Não tardou para que a notícia da construção de Nossa Senhora Parecida chegasse aos ouvidos do prefeito, que era muito querido na cidade e muito prático nas resoluções dos problemas que lhe eram apresentados.
Dizem que ele perguntou qual a era a diferença de altura entre as duas estátuas.
Alguém sussurrou, decerto com receio da reação do prefeito: dois metros!
Ao ouvir, o prefeito se espraiou na cadeira do seu gabinete e, em profundo silêncio, permaneceu imóvel e com olhar distante por alguns minutos.
O silêncio era ensurdecedor dentro do gabinete. Todos os presentes se entreolhavam num desespero crescente.
Dizem que após uns minutos, o prefeito se levantou da cadeira e foi em direção da janela do seu gabinete, de onde tinha uma visão privilegiada da estátua de Santa Rita de Cássia que estava erguida lá no Monte Carmelo, lá permaneceu outro tanto de tempo em silêncio, estático; apenas fitando Santa Rita de Cássia.
De repente, voltou-se para os presentes em seu gabinete e disse: – A data da inauguração está mantida.
Todos saíram sem entender muito, e os preparativos para a inauguração continuaram normalmente até a inauguração da estátua de Santa Rita de Cássia, no dia 26 de junho de 2010.
Para a surpresa de todos, um resplendor medindo oito metros de altura foi fixado na cabeça da estátua, como uma espécie de coroa, que, ao final, fez com que a altura dela passasse de quarenta e oito para cinquenta e seis metros, superando em seis metros a altura da estátua de Nossa Senhora Aparecida, e que só foi inaugurada em outubro de 2023, garantindo o título de maior estátua de santo católica do mundo até a presente data para Santa Rida de Cássia, ao que se tem notícia.
Ao que parece, o prefeito teve a solução mais prática possível para garantir o título, e ainda garantiu uma maior santidade e divindade à estátua de Santa Rita de Cássia com a instalação do resplendor, que abençoa a cidade de Santa Cruz lá do Monte Carmelo, e enche de orgulho os fiéis, de modo que, de fato, nada mais justo que se esculpa em mármore de Carrara tal façanha, pois solucionou um gigantesco quiproquó.
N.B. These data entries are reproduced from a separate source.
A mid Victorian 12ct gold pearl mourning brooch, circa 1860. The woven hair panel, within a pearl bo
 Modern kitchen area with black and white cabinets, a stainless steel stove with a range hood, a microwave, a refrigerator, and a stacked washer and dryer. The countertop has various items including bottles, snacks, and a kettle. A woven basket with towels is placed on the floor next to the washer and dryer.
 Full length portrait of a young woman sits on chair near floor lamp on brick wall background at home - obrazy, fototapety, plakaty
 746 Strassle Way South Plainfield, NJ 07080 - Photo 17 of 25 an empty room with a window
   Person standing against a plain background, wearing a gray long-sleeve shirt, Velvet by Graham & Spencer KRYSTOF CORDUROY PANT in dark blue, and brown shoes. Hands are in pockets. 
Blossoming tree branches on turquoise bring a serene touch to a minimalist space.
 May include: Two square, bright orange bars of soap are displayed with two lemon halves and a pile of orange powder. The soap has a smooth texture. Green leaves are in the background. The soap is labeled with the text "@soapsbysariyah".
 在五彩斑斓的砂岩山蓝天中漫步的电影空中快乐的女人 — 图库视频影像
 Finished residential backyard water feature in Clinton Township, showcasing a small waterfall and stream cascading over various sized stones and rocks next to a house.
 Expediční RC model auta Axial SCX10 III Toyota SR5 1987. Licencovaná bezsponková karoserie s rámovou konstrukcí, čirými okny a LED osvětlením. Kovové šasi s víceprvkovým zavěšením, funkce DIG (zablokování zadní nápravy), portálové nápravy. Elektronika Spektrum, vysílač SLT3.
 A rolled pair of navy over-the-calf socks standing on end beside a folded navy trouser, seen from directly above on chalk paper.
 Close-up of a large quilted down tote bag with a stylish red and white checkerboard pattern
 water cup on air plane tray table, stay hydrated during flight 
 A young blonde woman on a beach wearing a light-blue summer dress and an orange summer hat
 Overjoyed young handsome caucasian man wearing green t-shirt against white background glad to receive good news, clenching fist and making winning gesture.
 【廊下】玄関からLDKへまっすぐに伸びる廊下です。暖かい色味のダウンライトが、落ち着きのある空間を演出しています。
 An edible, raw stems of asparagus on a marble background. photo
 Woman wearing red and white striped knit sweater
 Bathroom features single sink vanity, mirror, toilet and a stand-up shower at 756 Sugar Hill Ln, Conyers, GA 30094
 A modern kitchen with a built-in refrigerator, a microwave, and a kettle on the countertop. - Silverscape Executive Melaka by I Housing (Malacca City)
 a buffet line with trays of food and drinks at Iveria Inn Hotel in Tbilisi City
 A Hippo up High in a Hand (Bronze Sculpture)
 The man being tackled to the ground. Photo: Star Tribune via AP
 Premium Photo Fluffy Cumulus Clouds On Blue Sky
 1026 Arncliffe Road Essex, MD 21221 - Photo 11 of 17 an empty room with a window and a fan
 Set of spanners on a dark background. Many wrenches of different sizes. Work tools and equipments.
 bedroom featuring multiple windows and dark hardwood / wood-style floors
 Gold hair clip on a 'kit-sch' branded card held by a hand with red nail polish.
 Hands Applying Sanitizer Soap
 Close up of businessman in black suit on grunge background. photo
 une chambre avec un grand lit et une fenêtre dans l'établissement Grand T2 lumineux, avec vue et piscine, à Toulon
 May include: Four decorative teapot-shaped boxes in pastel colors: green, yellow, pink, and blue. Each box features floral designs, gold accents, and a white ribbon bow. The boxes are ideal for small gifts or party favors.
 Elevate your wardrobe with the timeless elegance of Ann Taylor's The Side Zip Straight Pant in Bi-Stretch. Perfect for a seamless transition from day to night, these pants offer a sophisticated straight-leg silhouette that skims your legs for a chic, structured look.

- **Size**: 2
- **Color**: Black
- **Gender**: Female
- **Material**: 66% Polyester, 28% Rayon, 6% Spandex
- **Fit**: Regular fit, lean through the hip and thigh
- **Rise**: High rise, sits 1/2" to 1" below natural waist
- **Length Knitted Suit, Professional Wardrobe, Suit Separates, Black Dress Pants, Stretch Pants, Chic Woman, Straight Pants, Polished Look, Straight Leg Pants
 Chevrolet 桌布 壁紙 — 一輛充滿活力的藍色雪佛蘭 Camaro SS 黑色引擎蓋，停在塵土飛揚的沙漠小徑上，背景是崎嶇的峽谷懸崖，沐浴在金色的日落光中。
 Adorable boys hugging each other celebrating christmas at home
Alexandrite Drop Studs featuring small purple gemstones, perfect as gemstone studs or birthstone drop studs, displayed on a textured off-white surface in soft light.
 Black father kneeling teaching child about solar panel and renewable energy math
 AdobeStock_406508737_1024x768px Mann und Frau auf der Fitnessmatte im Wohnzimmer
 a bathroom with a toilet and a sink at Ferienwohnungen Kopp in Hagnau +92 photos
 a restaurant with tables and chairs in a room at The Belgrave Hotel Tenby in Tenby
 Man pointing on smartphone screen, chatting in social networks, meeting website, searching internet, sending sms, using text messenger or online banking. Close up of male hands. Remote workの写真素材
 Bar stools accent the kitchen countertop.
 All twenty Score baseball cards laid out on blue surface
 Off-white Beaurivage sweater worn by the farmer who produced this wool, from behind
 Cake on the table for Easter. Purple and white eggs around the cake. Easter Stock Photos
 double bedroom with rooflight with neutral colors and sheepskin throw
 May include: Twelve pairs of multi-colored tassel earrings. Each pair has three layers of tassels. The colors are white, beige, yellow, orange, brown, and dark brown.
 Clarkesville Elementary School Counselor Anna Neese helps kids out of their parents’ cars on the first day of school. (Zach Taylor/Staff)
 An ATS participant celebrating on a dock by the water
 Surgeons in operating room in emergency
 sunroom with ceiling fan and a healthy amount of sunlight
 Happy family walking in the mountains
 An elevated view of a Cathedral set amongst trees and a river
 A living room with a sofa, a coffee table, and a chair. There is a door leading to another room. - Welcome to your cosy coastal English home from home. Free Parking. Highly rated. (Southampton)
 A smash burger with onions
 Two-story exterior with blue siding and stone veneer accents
Literalmente.
Ora, pelo visto, os papados dos Papas Bento, por obra do acaso, trouxeram sorte para a estátua, pois a maioria das placas que estão afixadas nos monumentos históricos de Roma, a Cidade Eterna, foram colocadas por ordem do Sumo Pontífice reinante da época, que era Bento XIV (1740-1758); sendo que, ao tempo da inauguração da estátua de Santa Rita de Cássia, no ano de 2010, estávamos sob o Papado de Bento XVI (2005-2013).
Talvez, a lenda do inharé tenha se repetido, merecendo uma placa, quem sabe, esculpida em latim, tal qual as de Roma.